Poin 5 dari 17 tujuan SDGs, yakni kesetaraan gender dengan poin spesifik, menghapuskan semua praktik berbahaya seperti perkawinan usia anak, perkawinan dini dan paksa, serta sunat perempuan. Tentunya praktik yang terjadi tiap provinsi mempengaruhi keberhasilan tersebut.

Apabila merujuk pada data BPS tahun 2022, NTB berada pada posisi tertinggi dalam praktik perkawinan anak dengan persentase 16,23 %. Angka tersebut dua kali lipat dari persentase secara nasional, yakni 8,06 %.

Bahkan, pada 2023 persentase tersebut naik menjadi 17,32 % dan ada peningkatan sejumlah 1,09 %. Artinya, kesadaran masyarakat akan adanya praktik pernikahan anak masih rendah.

Badan Kependudukan dan Keluarga Berencana Nasional (BKKBN) menjadi badan yang berfokus dalam mencegah dan menuntaskan praktik pernikahan dini. Pencegahan yang dilakukan adalah dengan menyasar kelompok yang rentan terlibat.

“Kami mendidiknya di kelompok ada yang namanya PIK-R sekolah dan luar sekolah, Pusat Informasi dan Konseling Remaja,” ungak Ketua Divisi Penanganan Remaja BKKBN saat ditemui.

Melalui program tersebut, para remaja yang tengah duduk di bangku sekolah mendapatkan informasi dan konseling untuk mencari jalan keluar atas permasalahan yang dihadapi. Penguru PIK-R akan dilatih dan dapat menyalurkan informasi ke tim dan siswa/i.

“Yang diajarkan, pertama KESPRO atau Kesehatan Reproduksi untuk memberikan informasi mengenai reproduksi,” jelasnya.

Program lain yang menjadi fokus adalah sosialisasi mengenai anemia, yang memiliki keterkaitan akan minat dan mencegah adanya pernikahan anak. Apalagi, hampir 50 % wanita di NTB mengalami anemia.

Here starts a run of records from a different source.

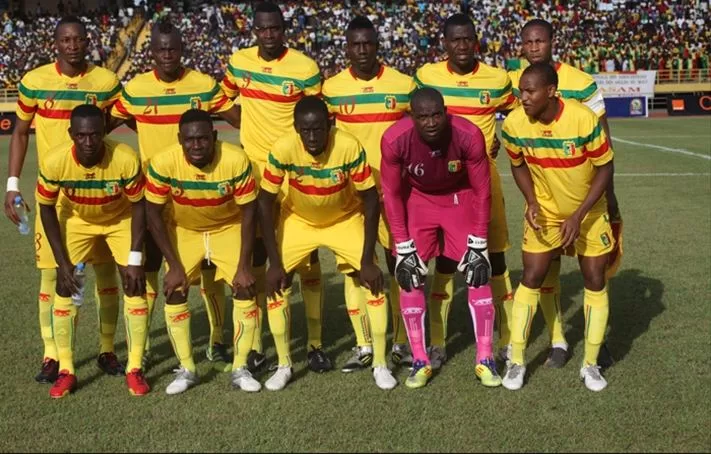 Préparation CAN 2015 : le Mali remporte son premier match amical
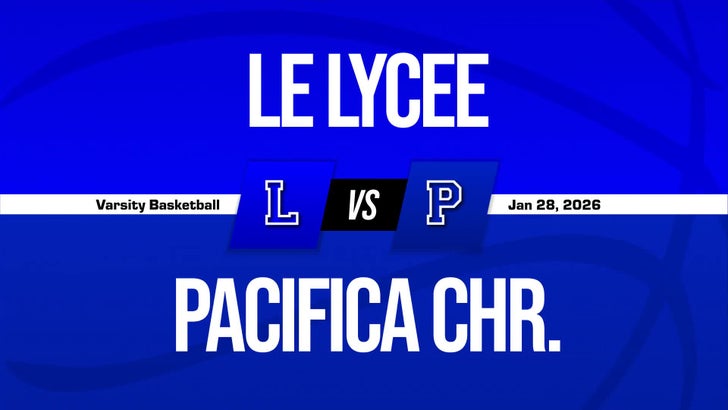 Basketball Recap: Le Lycee Comes Up Short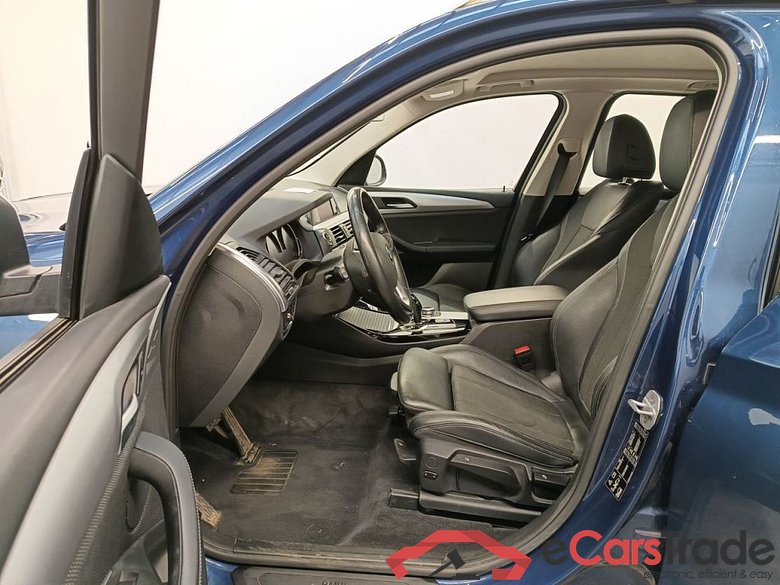 BMW X3 DIESEL - 2018 2.0 dA 190 xDrive20 (EU6d-TEMP) 5d #3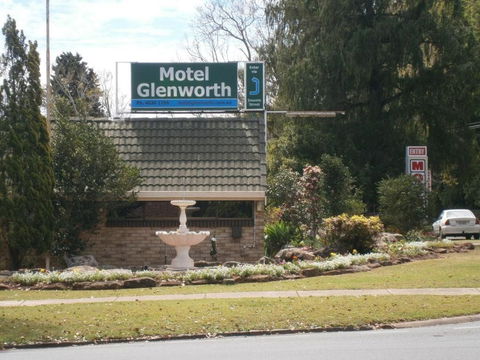 Motel Glenworth - Accommodation Broadbeach 1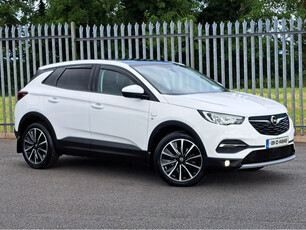 OPEL GRANDLAND X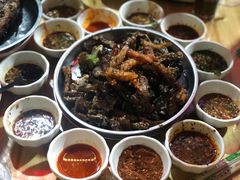 -金山锅贴店(金泉路店)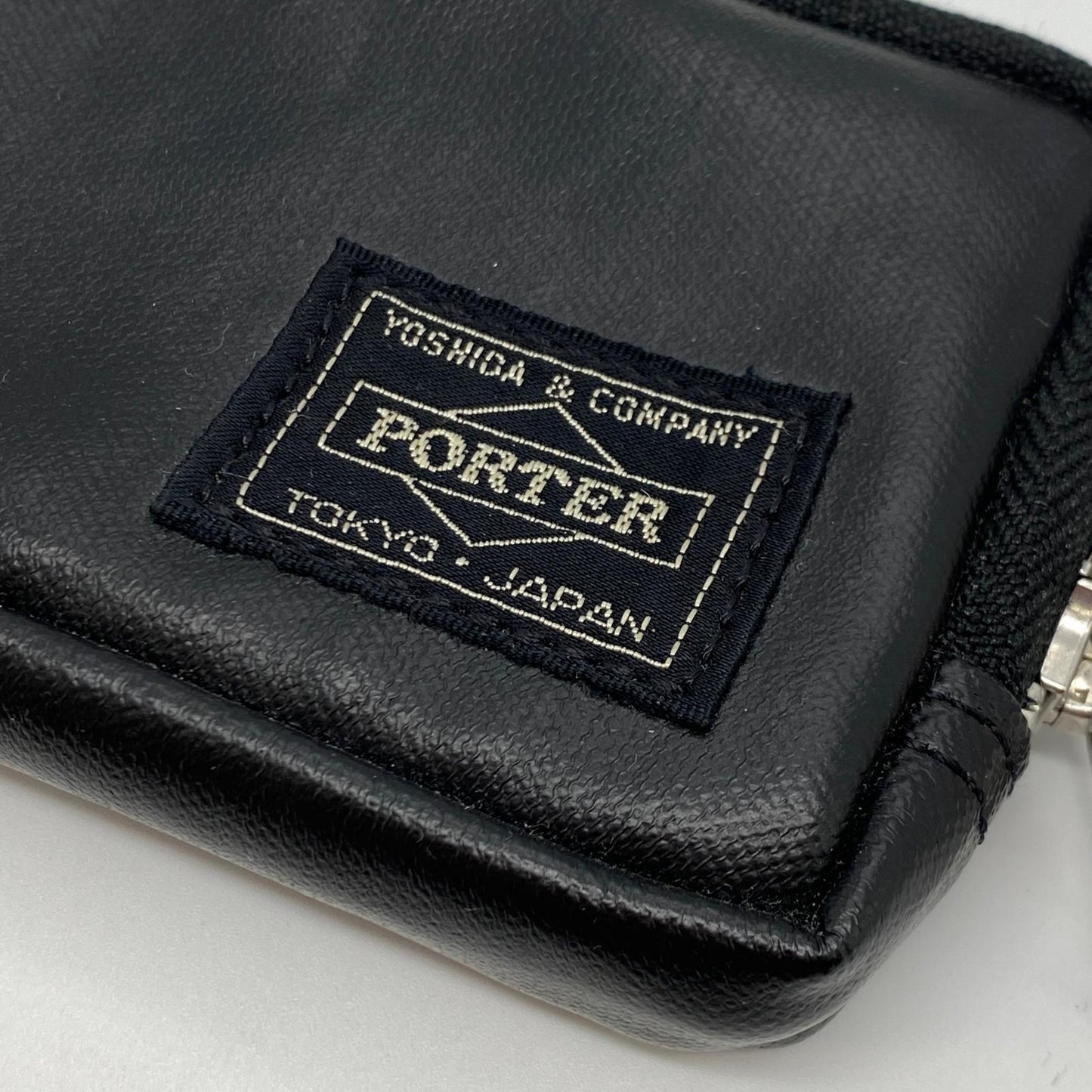 PORTER | ポーター FREE STYLE コインケース 707-07178 ブラック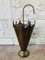 Mid-Century Hammered Copper Umbrella Stand, 1950s 16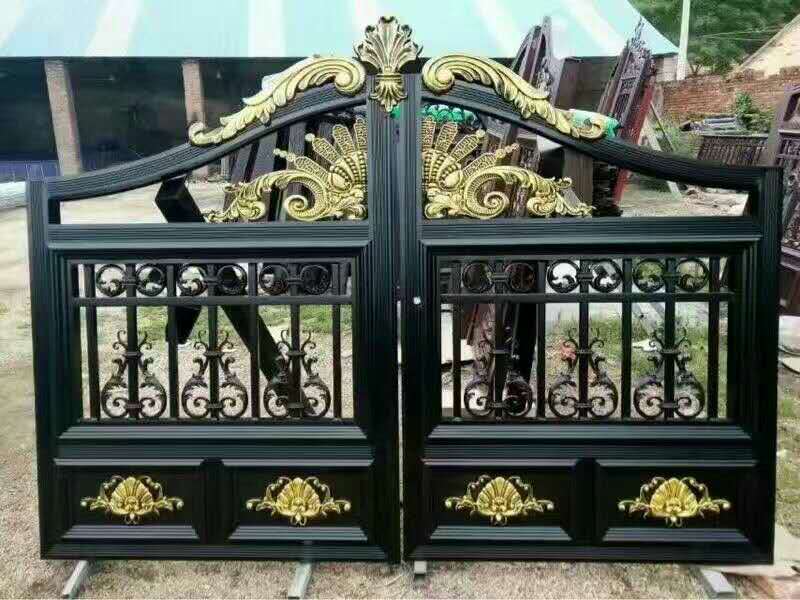 铝艺大门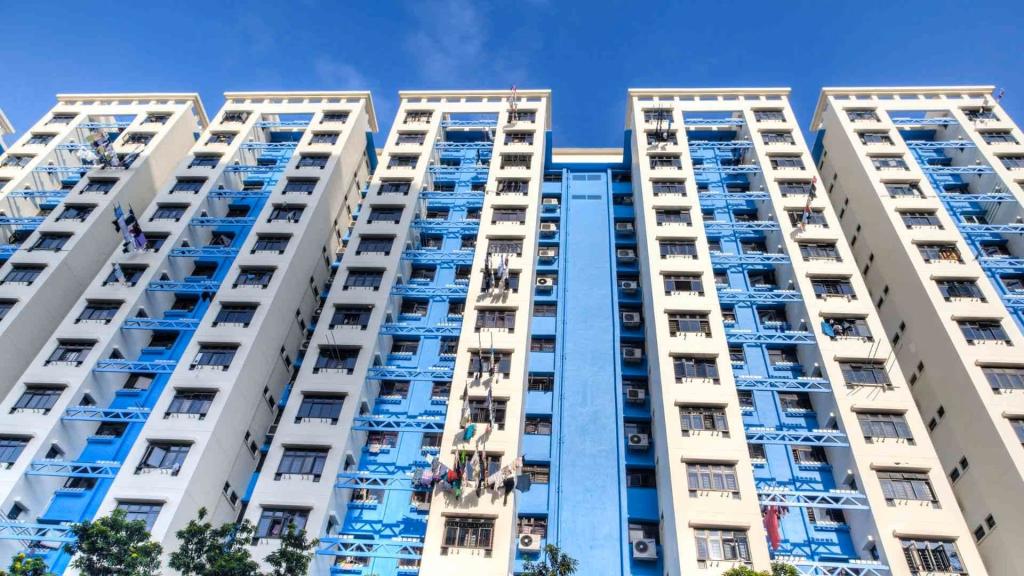 Singapura Gesit Gencarkan Pasokan Apartemen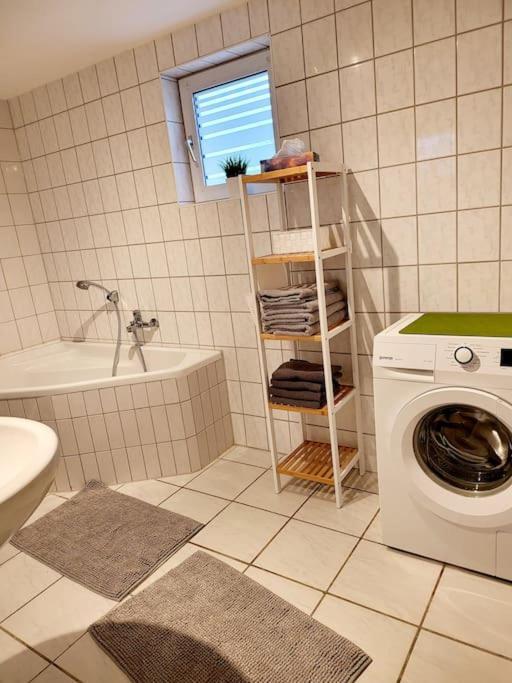 Haus Vineta Apartment Barth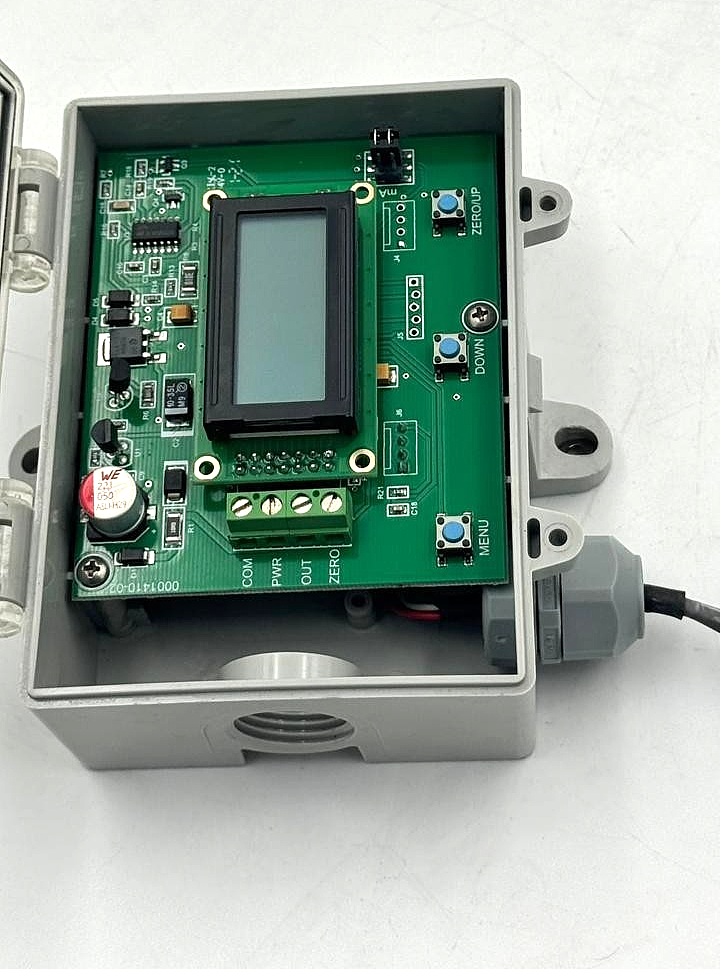 Honeywell HDPB08S15 Differential Pressure Transmitter | Made in Canada 4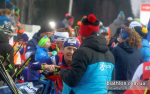 Нове-Место-2018. Масс-старт. Женщины Нове-Место-2018. Масс-старт. Женщины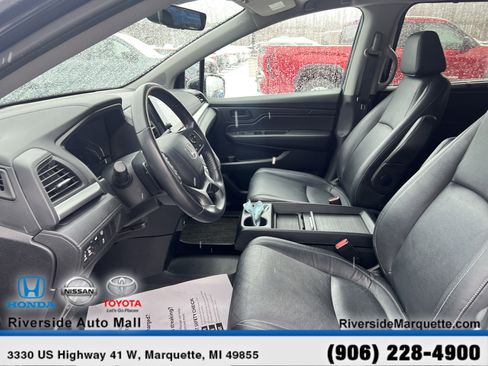 Used 2024 Honda Odyssey EX-L image 15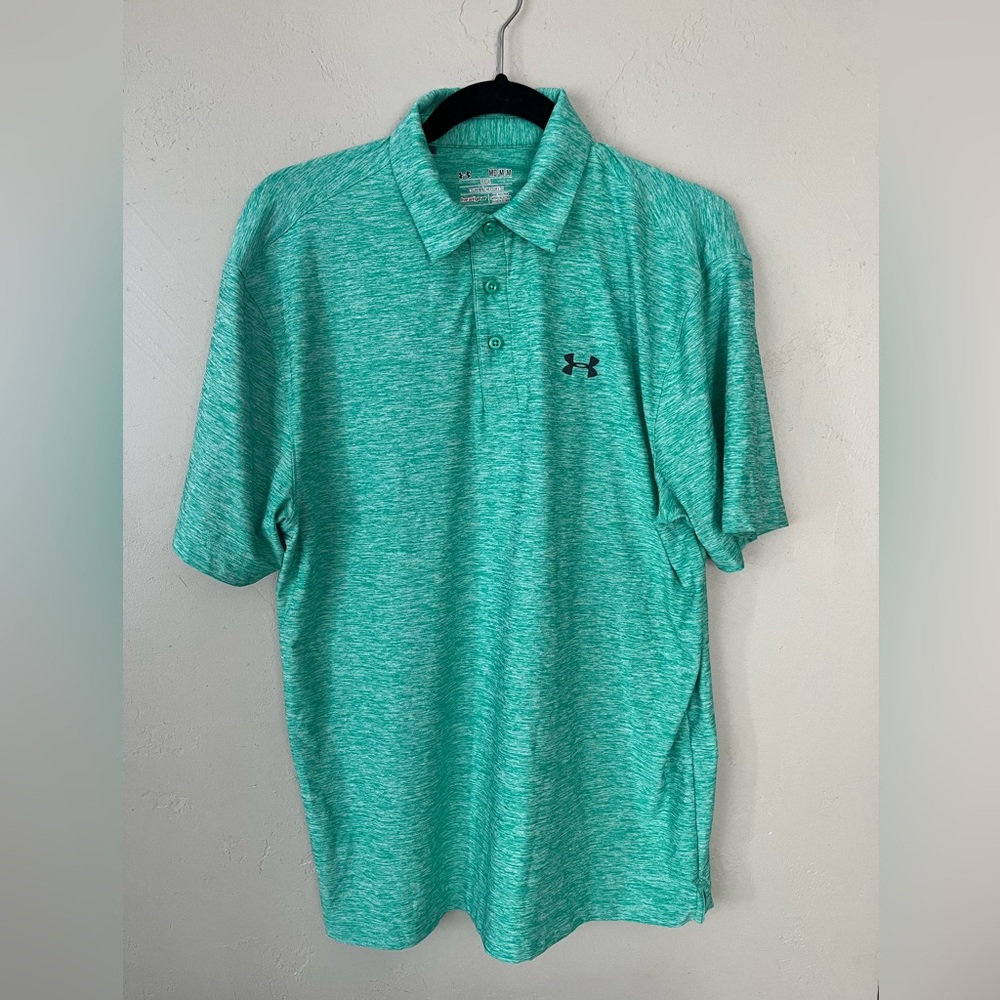 Men’s Under Armour  golf polo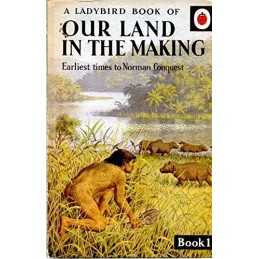 Our Land in the Making Book 1 by Lampitt, R. Paperback Book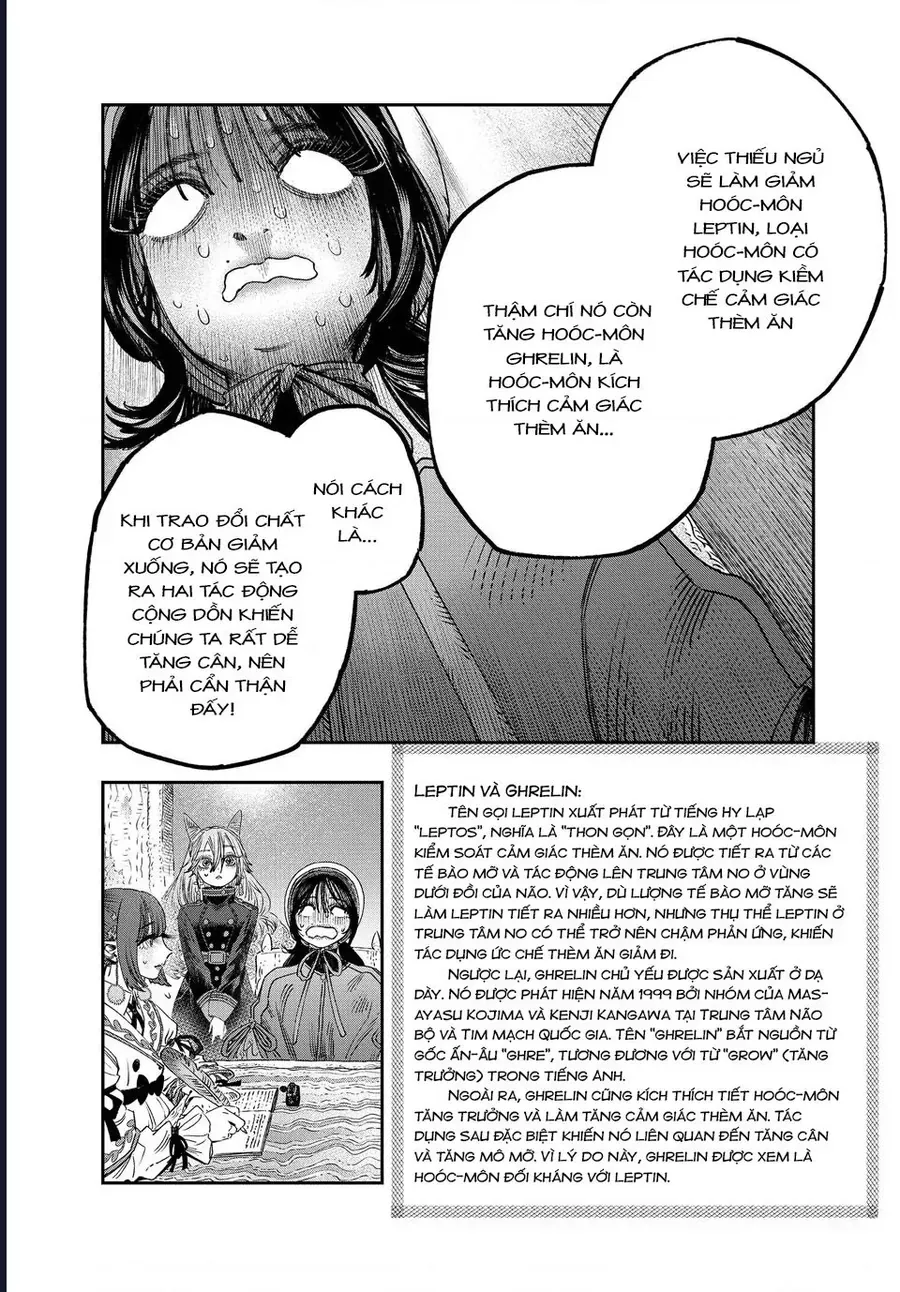 Bác Sĩ Ở Thế Giới Khác Chương 38 - Trang 30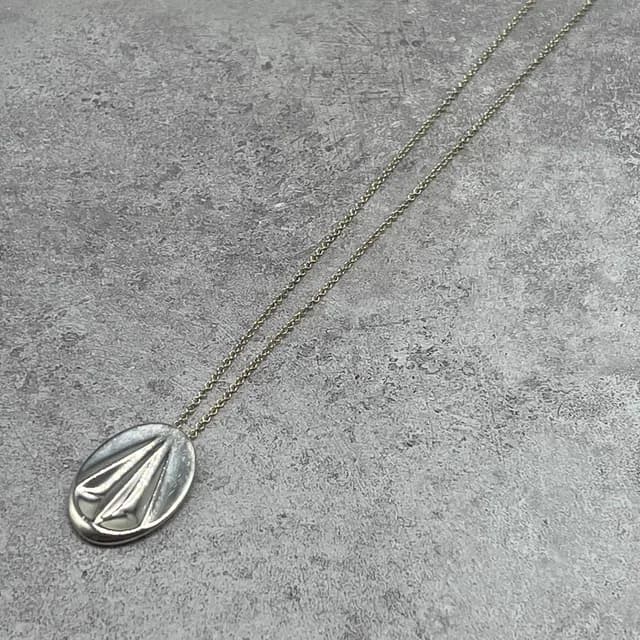 Tiffany & Co. Elsa Peretti Libra Necklace from The Reluxe, photo 1 of 1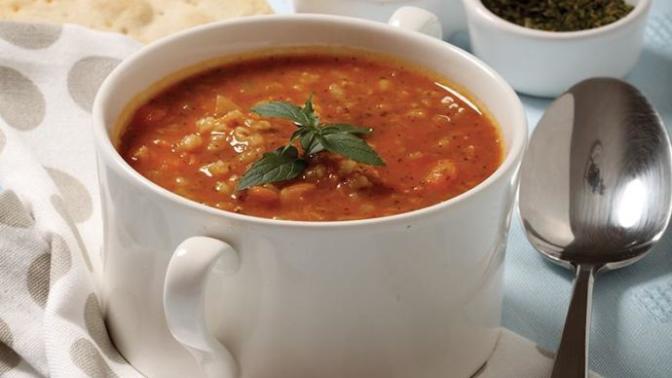İçinizi Isıtacak Kırmızı Mercimek Çorbası Tarifi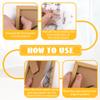 Vylro 2-Pack Oak Picture Frames 10x15cm view 4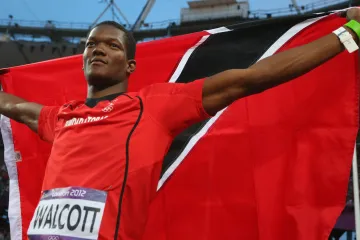 Keshorn Walcott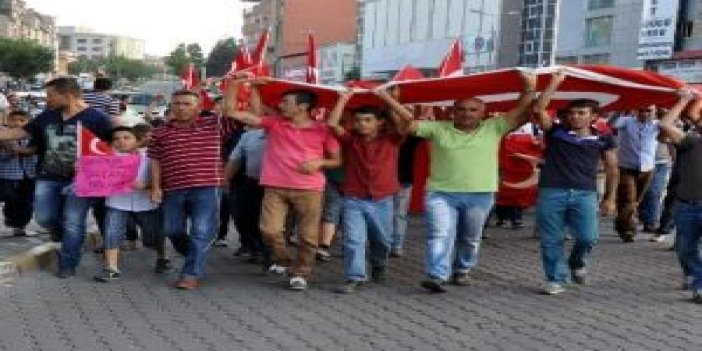 ’’Meclis’te PKK’yı istemiyoruz"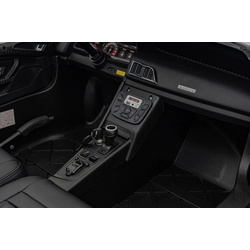 Masinuta electrica Ramiz Audi Spyder R8 Lift Strong (Black) Thumb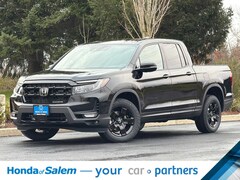 2026 Honda Ridgeline Black Edition Truck Crew Cab Salem, OR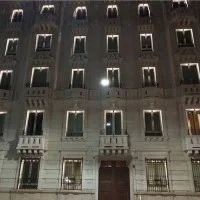 Beneito Faure NIK Proiettore LED in Alluminio da Esterno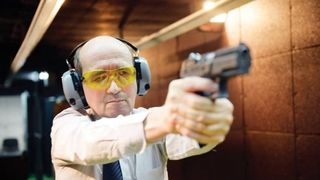 Poligonul de tir in care un instructor a fost impuscat mortal in martie 2015 a fost inchis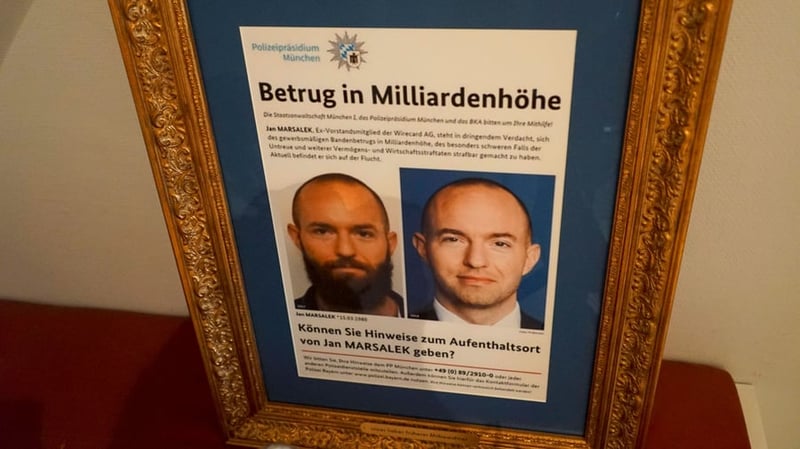Milliardenschweres Sytem: Britische Ermittler decken russisches Geldwäschenetz auf – Spur zu Marsalek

Terakhir, adanya Program Life Skill, yang berisi mengenai bagaimana cara remaja mengetahui jati diri, tujuan hidup, hingga solusi dalam menghadapi permasalahan. Program ini lebih memfokuskan terhadap soft skill.

Berdasarkan program tersebut dengan persentase pernikahan anak yang tinggi di NTB diharapkan mampu menuntaskan permasalahan pelik tersebut. Apalagi persentase itu harus terus dikendalikan dari berbagai program strategis.

“Mendidik untuk memberikan pemahaman dan kesadaran kepada masyarakat menjadi tantangan tersendiri,” pungkasnya.

Lingkungan sekitar memiliki pengaruh erat terhadap melanggengnya praktik pernikahan anak di NTB. Lingkungan memberikan pengaruh 70-80% terhadap pembentukan karakter remaja.

Apabila program tersebut tidak dilakukan secara masif, pemahaman remaja menjadi sangat rendah dan praktik pernikahan anak semakin tinggi. Alhasil, penuntasan poin 5 dalam SDGs tidak akan pernah tuntas.